-- What the exercise asks --
Please repeat each line below exactly, with no images in the copy.

-- Records for the exercise --
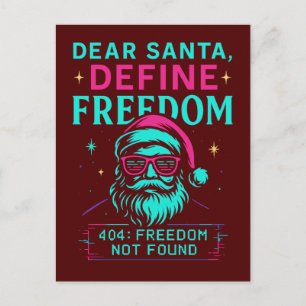 Carte Postale Cher Père Noël Définissez la Liberté Design Rétro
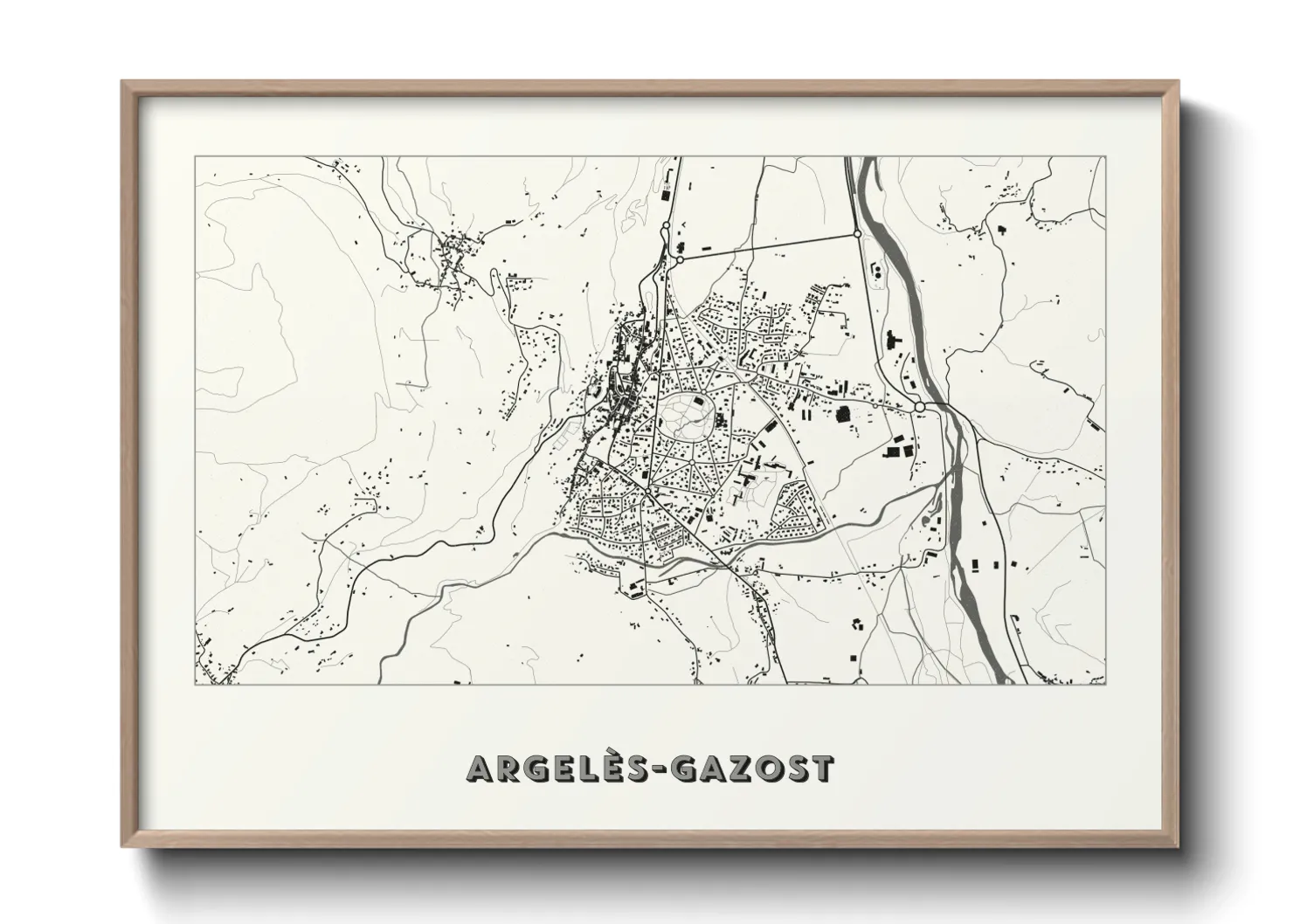 Une affiche de carte sur Argelès-Gazost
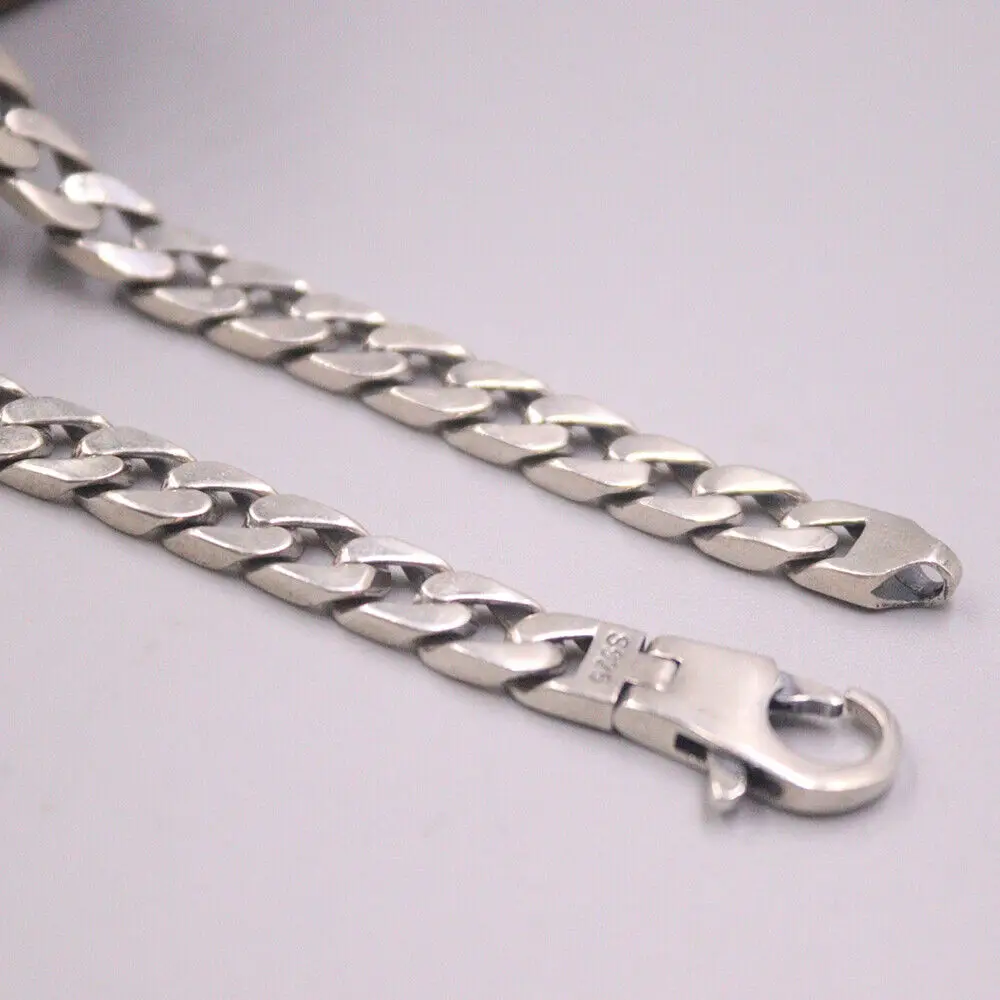 Твердое серебро 925 пробы, 7-миллиметровая цепочка с бордюрным звеном, мужское ожерелье 22 дюйма L Изображение 3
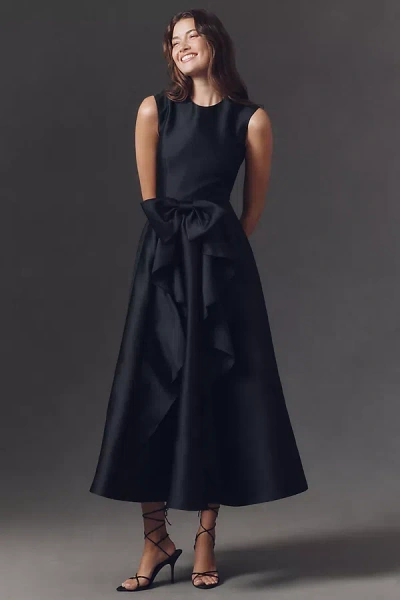 SHOSHANNA MIKADO A-LINE BOW MIDI DRESS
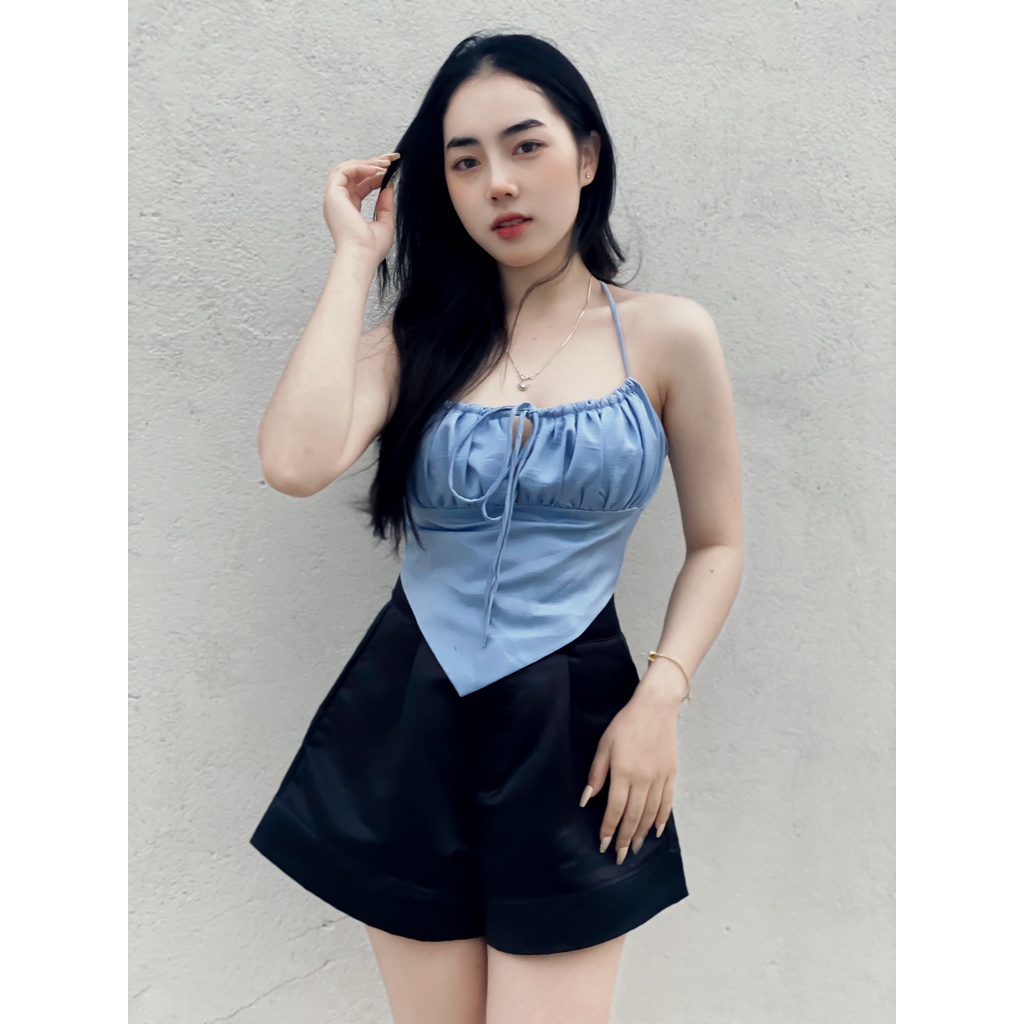 Áo Yếm CROPTOP Đan Dây Ngực Cột Nơ, Áo Yếm Tam Giác 2 Dây , 3 Màu Sang Chảnh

-- Answer for the task --
 Carte Postale Cher Père Noël Définissez la Liberté Design Rétro
 Une affiche de carte sur Argelès-Gazost
 Твердое серебро 925 пробы, 7-миллиметровая цепочка с бордюрным звеном, мужское ожерелье 22 дюйма L Изображение 3
 SHOSHANNA MIKADO A-LINE BOW MIDI DRESS
 Áo Yếm CROPTOP Đan Dây Ngực Cột Nơ, Áo Yếm Tam Giác 2 Dây , 3 Màu Sang Chảnh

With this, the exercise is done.